Testing for ray intersecting objects in a scene is a useful procedure in graphics and games. It asks the question, "if I move along this direction, which objects will I hit?". This is an important question for path finding, interactive games and has applications in lighting and shadow calculations. Testing for ray intersection is also a solution to the time-step problem, in which a collision might not be detected because the collision fell between two time steps. (An example of under sampling).
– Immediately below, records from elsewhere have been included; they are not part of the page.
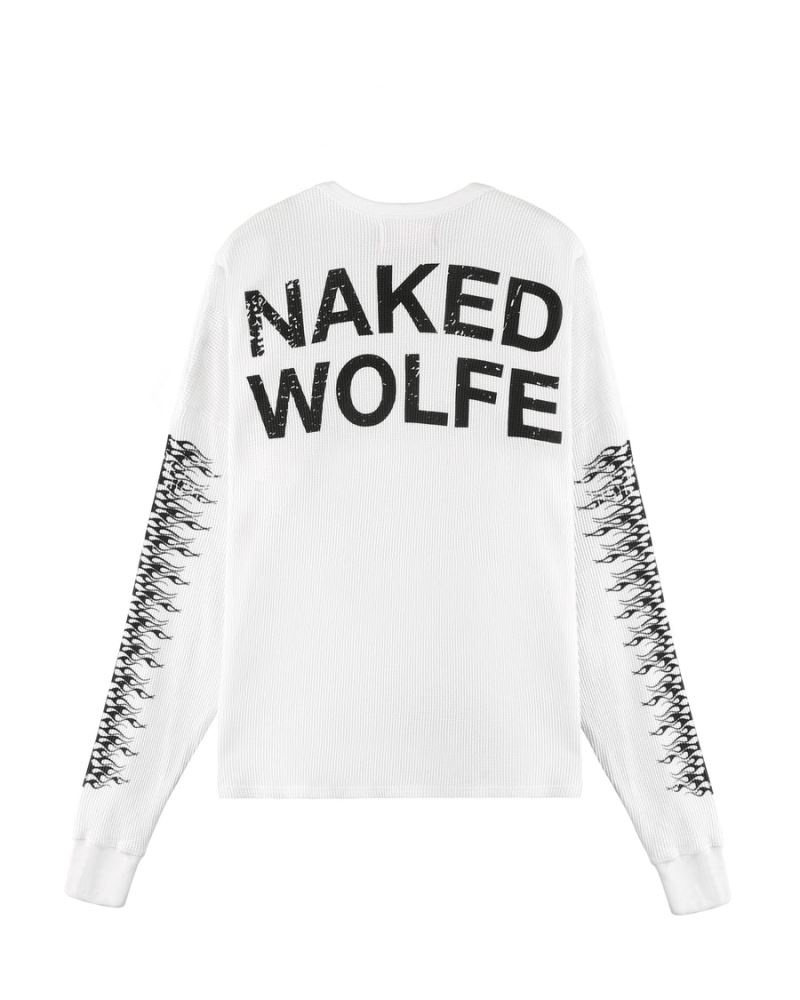 White Naked Wolfe Thermal Men's Sweatshirts | RIYADH 870MGKUNZ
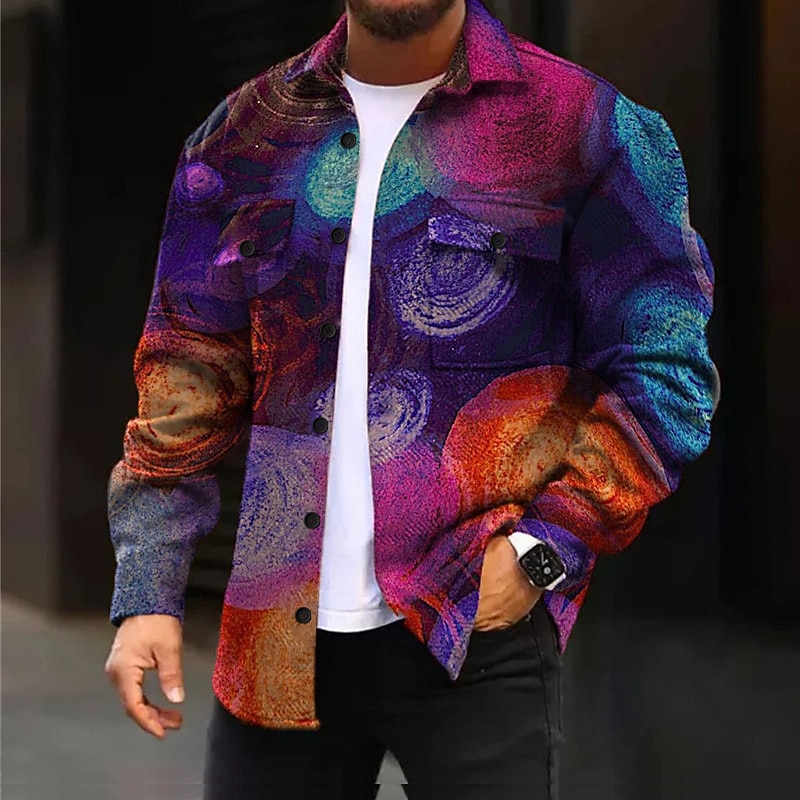 Men's Geometric Pattern Geometry Shirt Shirt Jacket Overshirt Long Sleeve Artistic Abstract Daily Wear Going out Weekend Fall & Winter Turndown Pocket Print Button-Down Purple Rainbow2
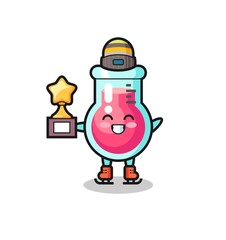 Naklejka premium laboratory beaker cartoon as an ice skating player hold winner trophy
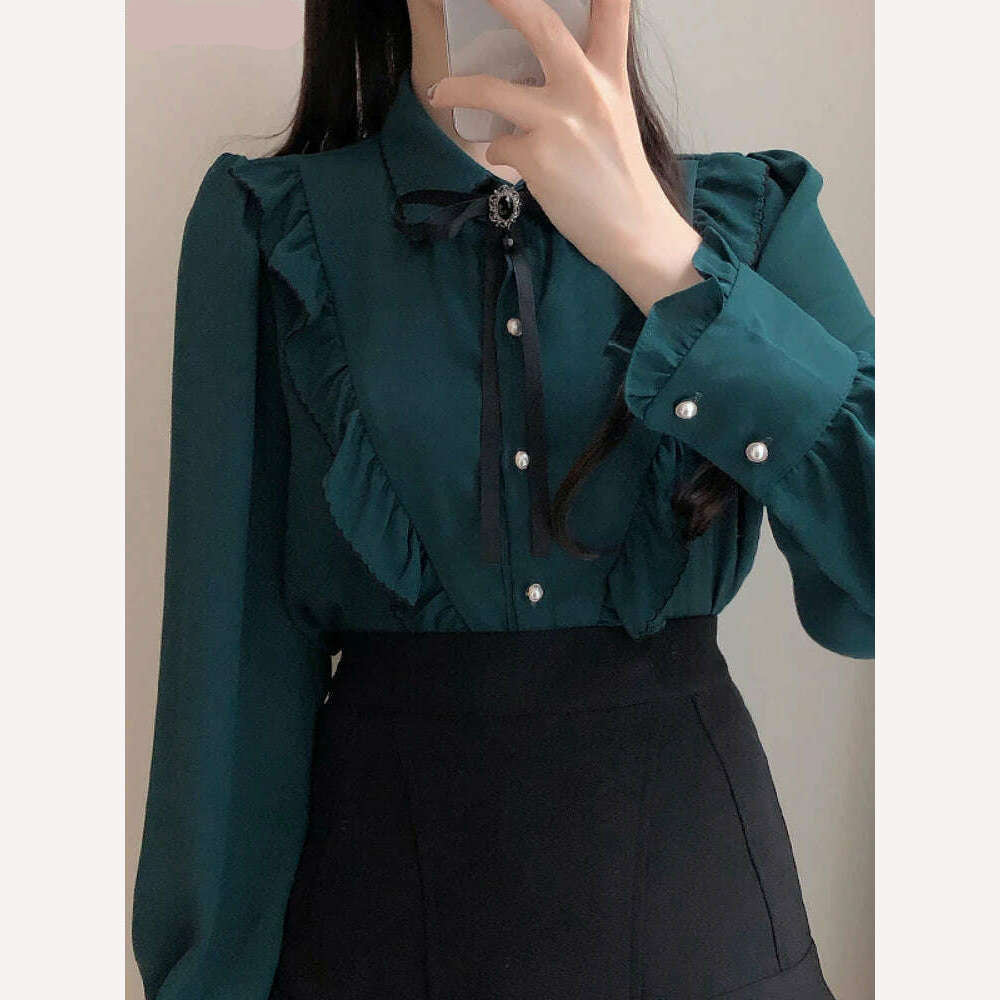 2022 Woman Cute Sweet Girls Thin Semi Transparent Ribbon Bow Tie Retro Vintalge Top Blusas Purple Green White Button Shirts - KIMLUD
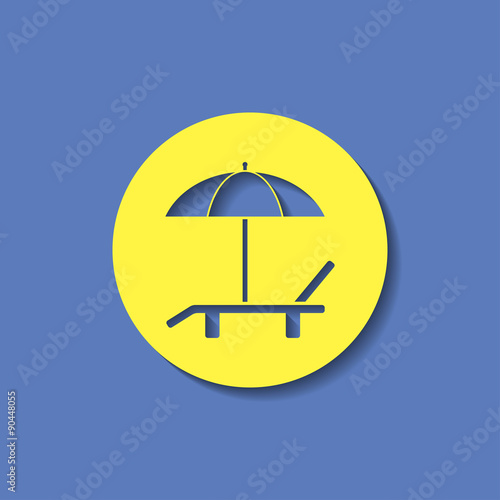 Beach vector icon. Umbrella with deck chair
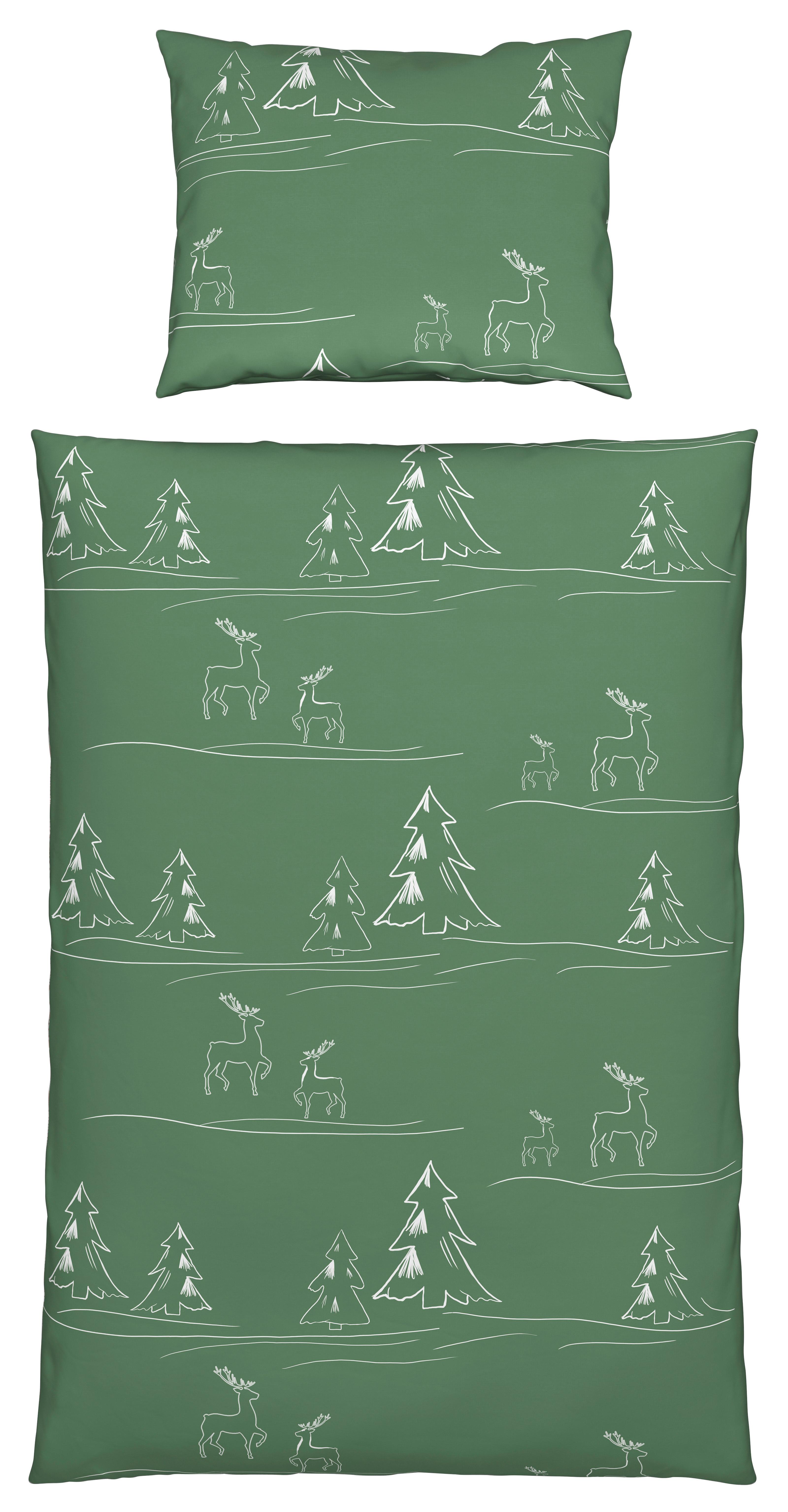 Bettwäsche Lappland - Grün, MODERN, Textil - Luca Bessoni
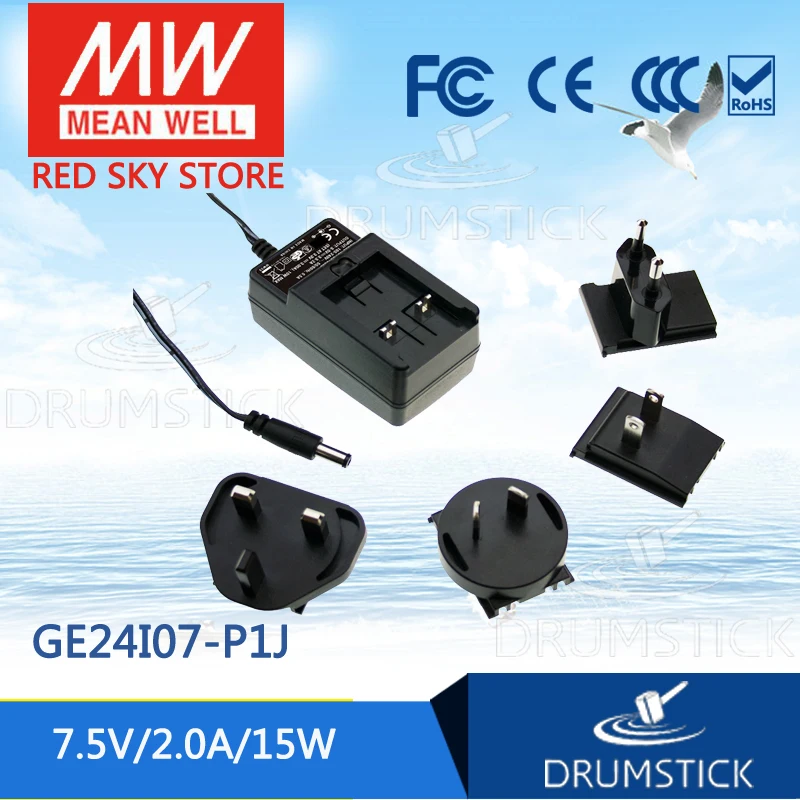 MEAN WELL GE24I07-P1J 7.5V 2A meanwell GE24I 7.5V 15W AC-DC Interchangeable Industrial Adaptor
MEAN WELL GE24I07-P1J 7.5V 2A meanwell GE24I 7.5V 15W AC-DC Interchangeable Industrial Adaptor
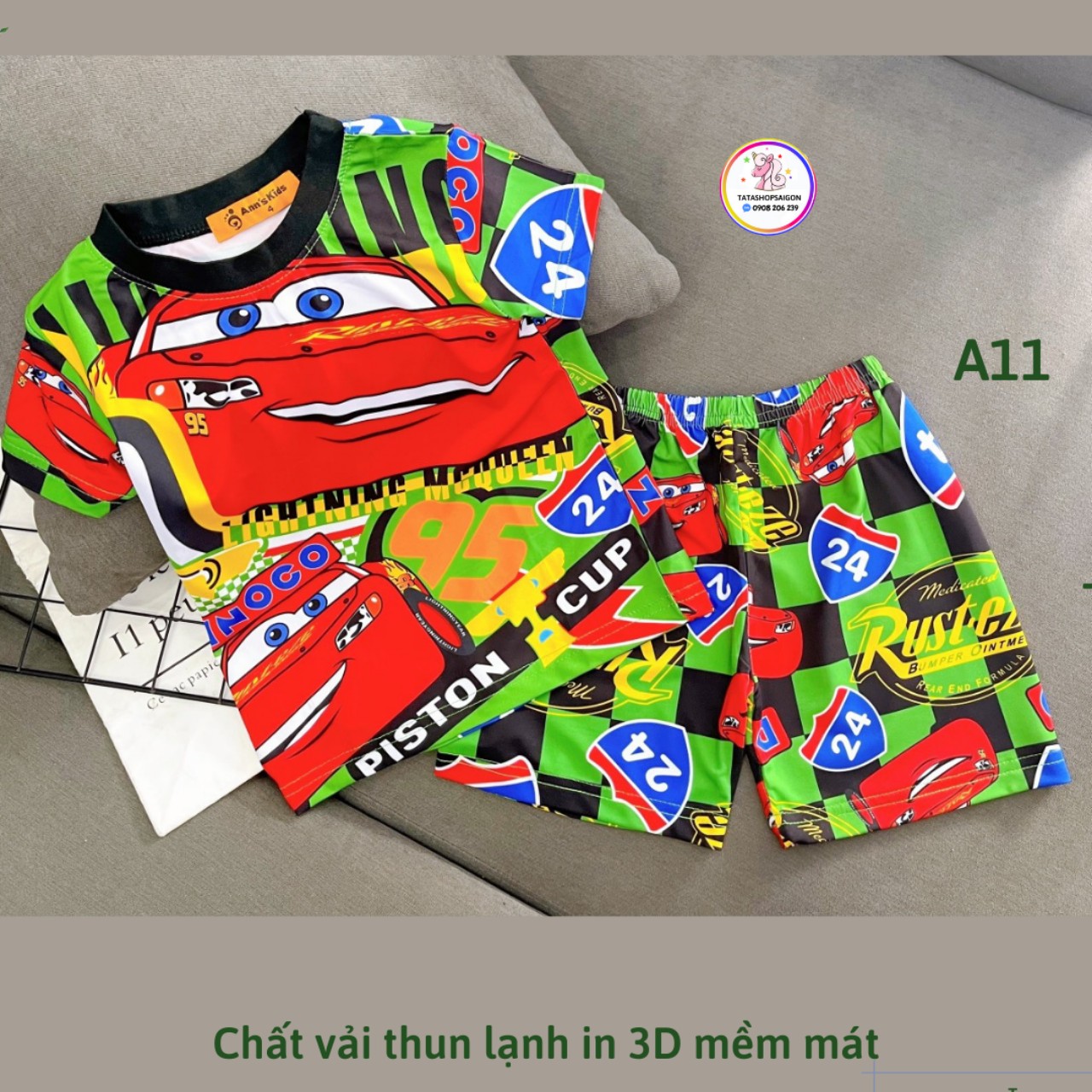 T178 bộ đồ đùi cho bé trai thun lạnh in 3d mát 10 22kg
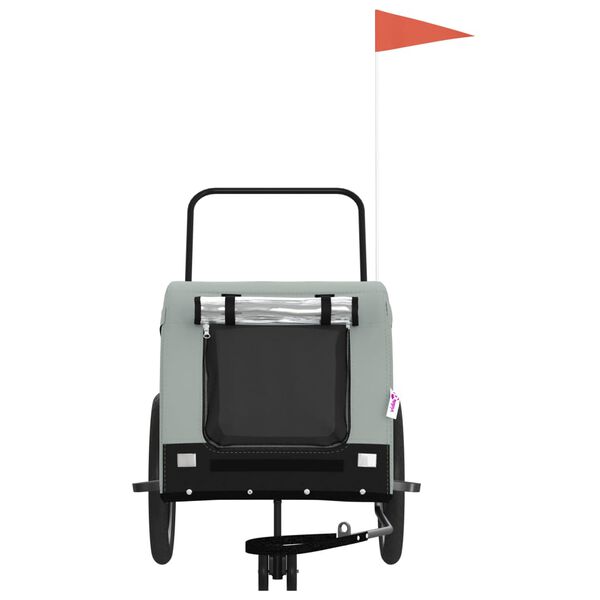 vidaXL Lemmikinkuljetuskärry polkupyörään harmaa/musta kangas ja rauta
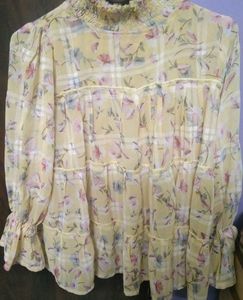 Yellow Floral Bottleneck Top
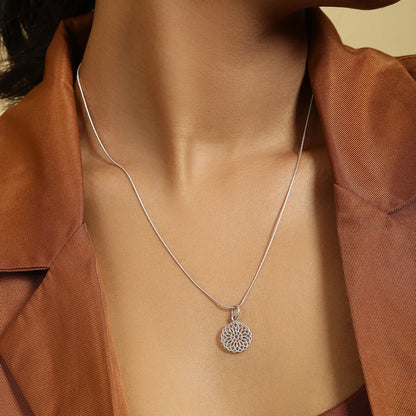 Floral Mandala Design Silver Pendant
The test procedure is recursive, as usual;

testintersect(bsp_root,start_of_ray, end_of_ray);
...
...
test_intersect(node, s, e){
	check which side of plane for s and e
	if(s and e are on +ive side) // ray cannot intersect plane
		test_intersect(node.positivechild,s,e);
	else if(s and e are on -ive side)// ray cannot intersect plane
		test_intersect(node.negativechild,s,e);
	else{ // points on either side of plane
		find point of intersection (i) between ray and plane
		if( i is inside face)
			output intersection;
		// split ray in two and test the two pieces against the left and right sub trees
		p=point on positive side;
		n=point on negative side
		test_intersect(node.negativechild,n,i);	
		test_intersect(node.positivechild,p,i);	
	}
}
		

To test if a point is inside a triangle (or any polygon) test if the point is on the 'inside' of each edge of the triangle. Normals for each edge need to be maintained.

Collision detection using BSP tree merging

Given a local BSP tree for an object, it can be seen that the left most node corresponds to the inside of the object. We can merge two bsp trees to determine if their spaces overlap. By merging one tree with another, a collision is present if parts of the second tree are inserted into the leftmost node of the first tree.